We freeze the little ramekin pots and pull them out as needed, ie daily. We spread the pate on toast for breakfast, use it in lasagna, beef wellington and spaghetti, and sometimes just hoe in with a spoon.

I can’t tell you how long it lasts in the freezer because the longest we’ve managed to leave one in there was three months – it was hidden behind a leg of lamb and when found was greeted with the same sort of elation Pippa’s butt received when she arrived at her sister’s wedding.

You have been warned. Proceed at your own risk. 

You will need: 

1kg chicken livers

500g butter ( half for pate mix, half for covering pate in pots)

2 large onions

1 teaspoon thyme

1 bayleaf

12 rashers bacon

6 tablespoons port

6 tablespoons dry sherry

2 tablespoons brandy

Masterchef Master7

salt, pepper

1 cup cream

250g mushrooms

Step One. Soak the livers in salted water for an hour.

Step Two. While livers are soaking, finely cut the onions, bacon and mushrooms.

Step Three. Clean the livers (roughly removing any ‘yucky’ bits and keeping the soft stuff)

Step Four. Melt butter in a large pan, add onions, bacon, thyme and bayleaf. Saute slowly until tender only, not brown.

Step Five. Add livers and cook for a further 7 minutes, stirring occasionally.

Step Six. Remove bayleaf. Pour the mixture into a blender and give it a few pulses. Depending on your blender you may need to do this in two lots, which is fine, but just remember to divide up the alcohol/mushroom reduction you’re cooking in step seven between the two lots of mixture (step eight). 

Step Seven. In pan, add port, sherry, brandy, cream, mushrooms and generous pinch salt and pepper. Bring to boil while stirring then simmer until reduced by half.

Step Eight. Pour sauce into blender with liver mix and give it a few pulses until smooth.

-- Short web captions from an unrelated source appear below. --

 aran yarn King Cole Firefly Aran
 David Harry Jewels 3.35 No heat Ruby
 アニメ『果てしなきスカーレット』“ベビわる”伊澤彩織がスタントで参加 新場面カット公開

Step Nine. Some people like to push the mixture through a sieve before dividing up amongst some ramekins, but we like our pate rustic. We filled about fifteen ramekins of varying sizes with the mixture today, even after a goodly amount ended up in our stomachs. Don’t fill all the way to the top edge and give each ramekin a tap on the bench to help the pate settle smoothly.

Step Ten. When the mixture is cool (you can refrigerate for a bit or just wait until it approaches room temperature) melt the remaining 250g of butter in a pan and then pour over the top of the pate in each ramekin then refrigerate to set.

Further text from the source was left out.